6. Adão (Adam) é também uma palavra conexa com a que serve, em hebraico, para designar «terra»: adamah. Se ela designa o primeiro homem, designa-o na sua relação de indissociação com aquilo que esteve na sua origem: entre origem e presente, haveria assim, uma espécie de vacilação, de dentro/fora do passado, em que o passado que entra pelo presente adentro. Além disso, o pintor «começa com o caos, com o vazio». O que supõe que o caos, o vazio se não desligam nunca inteiramente do ser que advém.

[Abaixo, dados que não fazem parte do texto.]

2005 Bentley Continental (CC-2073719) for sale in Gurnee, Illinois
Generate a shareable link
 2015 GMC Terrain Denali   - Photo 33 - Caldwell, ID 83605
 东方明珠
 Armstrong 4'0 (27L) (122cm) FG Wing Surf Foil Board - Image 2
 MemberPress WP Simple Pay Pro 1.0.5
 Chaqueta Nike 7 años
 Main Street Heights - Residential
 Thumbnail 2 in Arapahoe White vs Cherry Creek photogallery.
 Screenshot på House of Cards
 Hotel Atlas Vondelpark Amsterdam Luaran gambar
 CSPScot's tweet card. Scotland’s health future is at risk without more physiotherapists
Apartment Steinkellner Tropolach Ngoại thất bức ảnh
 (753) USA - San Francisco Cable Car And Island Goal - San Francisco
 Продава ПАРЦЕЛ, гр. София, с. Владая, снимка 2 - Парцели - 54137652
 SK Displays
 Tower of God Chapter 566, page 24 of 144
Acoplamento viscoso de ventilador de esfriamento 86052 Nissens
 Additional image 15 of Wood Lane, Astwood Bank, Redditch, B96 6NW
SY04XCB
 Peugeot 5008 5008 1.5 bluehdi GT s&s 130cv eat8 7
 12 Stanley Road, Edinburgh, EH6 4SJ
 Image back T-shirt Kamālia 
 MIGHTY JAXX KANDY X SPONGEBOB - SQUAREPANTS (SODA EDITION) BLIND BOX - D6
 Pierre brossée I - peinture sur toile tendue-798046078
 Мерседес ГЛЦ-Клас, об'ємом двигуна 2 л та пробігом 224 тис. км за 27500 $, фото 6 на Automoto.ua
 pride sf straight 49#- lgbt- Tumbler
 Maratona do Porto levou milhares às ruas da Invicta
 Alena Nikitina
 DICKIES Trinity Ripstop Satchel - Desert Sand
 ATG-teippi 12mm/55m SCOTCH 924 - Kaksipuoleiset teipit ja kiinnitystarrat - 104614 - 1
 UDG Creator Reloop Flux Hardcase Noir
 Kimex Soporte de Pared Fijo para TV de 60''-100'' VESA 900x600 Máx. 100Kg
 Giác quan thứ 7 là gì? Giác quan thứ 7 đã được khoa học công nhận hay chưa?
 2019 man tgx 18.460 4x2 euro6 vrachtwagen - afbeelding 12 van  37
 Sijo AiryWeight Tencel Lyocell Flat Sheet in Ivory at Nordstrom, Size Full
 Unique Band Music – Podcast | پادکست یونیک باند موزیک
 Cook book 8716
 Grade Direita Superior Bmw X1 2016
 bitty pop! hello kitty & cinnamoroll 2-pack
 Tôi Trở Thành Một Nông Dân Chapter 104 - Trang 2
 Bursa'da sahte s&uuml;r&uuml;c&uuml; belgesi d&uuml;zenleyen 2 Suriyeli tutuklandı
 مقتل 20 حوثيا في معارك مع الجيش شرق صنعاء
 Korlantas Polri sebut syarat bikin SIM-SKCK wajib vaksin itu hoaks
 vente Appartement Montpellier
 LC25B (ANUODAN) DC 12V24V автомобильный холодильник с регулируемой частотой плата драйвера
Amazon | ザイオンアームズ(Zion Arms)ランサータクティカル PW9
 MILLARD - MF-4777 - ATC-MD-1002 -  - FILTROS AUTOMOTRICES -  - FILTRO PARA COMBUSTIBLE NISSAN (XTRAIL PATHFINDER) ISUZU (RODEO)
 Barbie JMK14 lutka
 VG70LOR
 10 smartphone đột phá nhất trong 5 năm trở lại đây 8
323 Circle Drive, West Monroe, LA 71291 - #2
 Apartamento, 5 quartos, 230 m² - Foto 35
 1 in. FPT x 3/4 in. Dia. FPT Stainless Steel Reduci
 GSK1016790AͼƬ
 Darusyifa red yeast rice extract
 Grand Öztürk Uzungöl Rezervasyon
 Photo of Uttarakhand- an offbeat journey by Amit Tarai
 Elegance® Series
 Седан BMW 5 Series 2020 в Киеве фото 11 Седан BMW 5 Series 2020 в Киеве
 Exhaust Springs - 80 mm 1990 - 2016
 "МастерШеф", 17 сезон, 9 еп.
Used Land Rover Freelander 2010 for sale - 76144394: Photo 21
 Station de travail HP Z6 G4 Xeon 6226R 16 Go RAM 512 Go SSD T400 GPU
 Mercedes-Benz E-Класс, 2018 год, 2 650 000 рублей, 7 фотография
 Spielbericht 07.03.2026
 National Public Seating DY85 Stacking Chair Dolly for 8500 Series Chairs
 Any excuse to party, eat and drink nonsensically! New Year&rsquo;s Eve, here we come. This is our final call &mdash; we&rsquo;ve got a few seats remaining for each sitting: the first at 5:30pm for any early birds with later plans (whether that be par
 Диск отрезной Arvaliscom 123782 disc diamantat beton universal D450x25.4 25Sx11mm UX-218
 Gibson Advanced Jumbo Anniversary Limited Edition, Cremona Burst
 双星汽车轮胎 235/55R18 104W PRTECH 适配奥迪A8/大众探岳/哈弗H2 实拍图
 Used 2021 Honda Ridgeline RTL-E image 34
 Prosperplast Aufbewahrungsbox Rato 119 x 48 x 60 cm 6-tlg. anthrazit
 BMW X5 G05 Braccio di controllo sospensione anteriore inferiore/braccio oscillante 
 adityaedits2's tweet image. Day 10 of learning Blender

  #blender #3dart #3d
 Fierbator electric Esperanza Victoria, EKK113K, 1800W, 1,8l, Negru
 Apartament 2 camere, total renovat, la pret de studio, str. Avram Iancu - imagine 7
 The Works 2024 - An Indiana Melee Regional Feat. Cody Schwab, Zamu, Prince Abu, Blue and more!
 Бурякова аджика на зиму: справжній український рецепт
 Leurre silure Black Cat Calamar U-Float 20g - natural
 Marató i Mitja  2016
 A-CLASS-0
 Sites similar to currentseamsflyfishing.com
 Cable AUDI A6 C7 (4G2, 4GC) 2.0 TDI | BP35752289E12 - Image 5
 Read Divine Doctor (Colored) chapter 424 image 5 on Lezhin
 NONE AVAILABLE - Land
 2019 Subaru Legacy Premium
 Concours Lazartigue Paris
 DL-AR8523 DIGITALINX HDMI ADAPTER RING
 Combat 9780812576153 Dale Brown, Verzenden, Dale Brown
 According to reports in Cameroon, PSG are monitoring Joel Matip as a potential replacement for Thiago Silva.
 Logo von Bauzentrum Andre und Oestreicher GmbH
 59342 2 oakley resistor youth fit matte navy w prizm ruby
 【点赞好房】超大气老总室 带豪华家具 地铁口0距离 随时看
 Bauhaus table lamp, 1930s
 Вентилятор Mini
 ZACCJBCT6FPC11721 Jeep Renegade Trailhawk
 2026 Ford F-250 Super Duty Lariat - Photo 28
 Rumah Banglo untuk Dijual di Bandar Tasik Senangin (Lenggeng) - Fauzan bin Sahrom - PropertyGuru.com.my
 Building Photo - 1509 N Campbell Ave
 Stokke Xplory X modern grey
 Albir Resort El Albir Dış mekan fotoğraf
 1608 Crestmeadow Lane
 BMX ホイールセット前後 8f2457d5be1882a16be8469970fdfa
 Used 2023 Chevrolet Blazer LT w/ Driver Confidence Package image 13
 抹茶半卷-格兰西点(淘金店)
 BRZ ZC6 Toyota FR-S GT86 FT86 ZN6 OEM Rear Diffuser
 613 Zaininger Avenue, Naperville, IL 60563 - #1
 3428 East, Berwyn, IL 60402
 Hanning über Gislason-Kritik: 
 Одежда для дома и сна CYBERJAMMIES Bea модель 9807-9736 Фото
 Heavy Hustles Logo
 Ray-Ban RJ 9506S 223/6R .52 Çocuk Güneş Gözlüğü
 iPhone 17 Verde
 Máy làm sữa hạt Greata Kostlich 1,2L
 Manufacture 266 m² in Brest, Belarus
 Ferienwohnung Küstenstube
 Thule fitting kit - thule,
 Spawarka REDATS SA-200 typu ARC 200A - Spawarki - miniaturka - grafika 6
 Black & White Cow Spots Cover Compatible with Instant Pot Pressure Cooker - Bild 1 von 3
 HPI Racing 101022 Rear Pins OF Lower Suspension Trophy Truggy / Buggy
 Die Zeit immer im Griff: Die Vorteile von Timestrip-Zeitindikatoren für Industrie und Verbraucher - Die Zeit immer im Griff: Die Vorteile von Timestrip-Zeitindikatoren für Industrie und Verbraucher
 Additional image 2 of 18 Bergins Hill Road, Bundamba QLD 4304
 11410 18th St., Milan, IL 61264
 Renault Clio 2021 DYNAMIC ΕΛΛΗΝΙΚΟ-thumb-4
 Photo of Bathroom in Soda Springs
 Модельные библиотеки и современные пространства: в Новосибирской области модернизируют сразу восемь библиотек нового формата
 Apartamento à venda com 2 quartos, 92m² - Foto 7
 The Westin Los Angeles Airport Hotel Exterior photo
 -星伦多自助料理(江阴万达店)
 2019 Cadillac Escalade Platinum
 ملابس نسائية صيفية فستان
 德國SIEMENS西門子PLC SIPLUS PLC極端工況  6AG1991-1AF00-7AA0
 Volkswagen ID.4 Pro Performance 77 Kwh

Newman começa com uma cor sem mais nada - sem textura, sem forma, sem detalhes. A recusa do formalismo vazio, que ele via no abstraccionismo de então, e da impessoalidade utópica da abstracção própria do neoplasticismo de Mondrian (afogado, a seu ver, na metafísica), era também a sua recusa do caos na pintura. Era esse o juízo que ele fazia da pintura de Mondrian, mesmo que mais tarde venha a verificar ter-se enganado. Mas o caos era também o da crise moral, como diria vinte anos depois:

«aqui há vinte anos sentimos a crise moral de um mundo em cacos, um mundo devastado por uma grande depressão e uma severa guerra mundial, e era impossível nesse tempo pintar a espécie de pintura que fazíamos - flores, nus reclinados, gente a tocar violoncelo [como os de Cézanne, Picasso, Matisse]. Ao mesmo tempo não podíamos passar ásituação de um mundo de puras e inorgânicas formas e contornos, ou relações de cores, um mundo da sensação. E eu diria que para alguns de nós, esta era a nossa crise moral em relação ao que pintávamos. De forma que tivemos de começar, por assim dizer, do nada [ou do esgravatar, from scratch], como se a pintura estivesse não apenas morta mas nunca tivesse existido» (FINEBERG, Jonathan, op. cit., p. 103).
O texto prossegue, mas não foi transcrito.